START GIVEN DATA

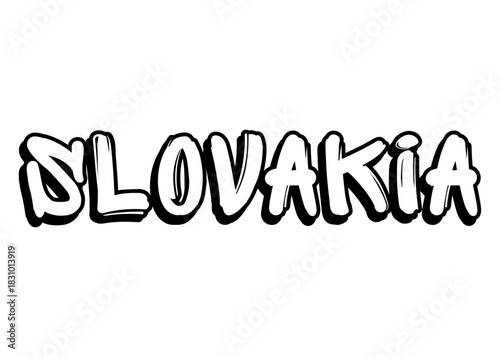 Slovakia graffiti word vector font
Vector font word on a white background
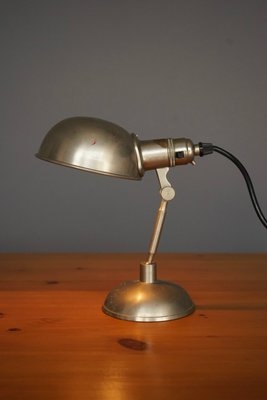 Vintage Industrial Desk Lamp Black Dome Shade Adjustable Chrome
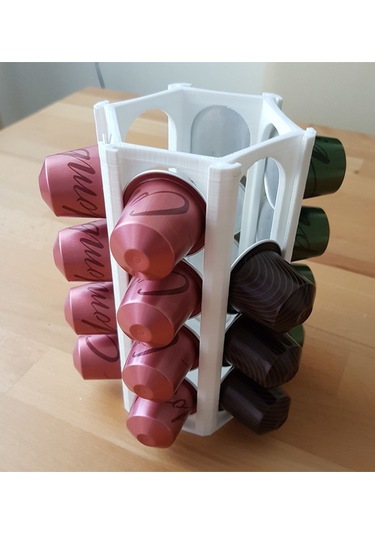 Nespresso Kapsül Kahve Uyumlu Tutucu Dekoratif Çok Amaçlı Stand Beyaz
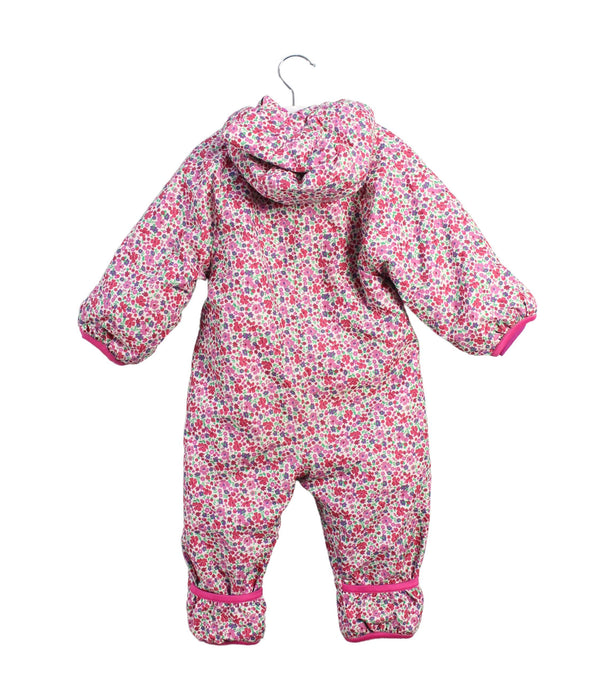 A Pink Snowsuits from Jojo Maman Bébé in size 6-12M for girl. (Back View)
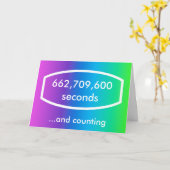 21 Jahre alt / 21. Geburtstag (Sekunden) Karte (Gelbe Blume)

END GIVEN DATA

— HOW TO COMPLETE THIS TASK —
In your copy of the entries above, leave out the pictures and keep every word exact.

— YOUR SOLUTION —
 Slovakia graffiti word vector font
Vector font word on a white background
 Vintage Industrial Desk Lamp Black Dome Shade Adjustable Chrome
 Nespresso Kapsül Kahve Uyumlu Tutucu Dekoratif Çok Amaçlı Stand Beyaz
 A Pink Snowsuits from Jojo Maman Bébé in size 6-12M for girl. (Back View)
 21 Jahre alt / 21. Geburtstag (Sekunden) Karte (Gelbe Blume)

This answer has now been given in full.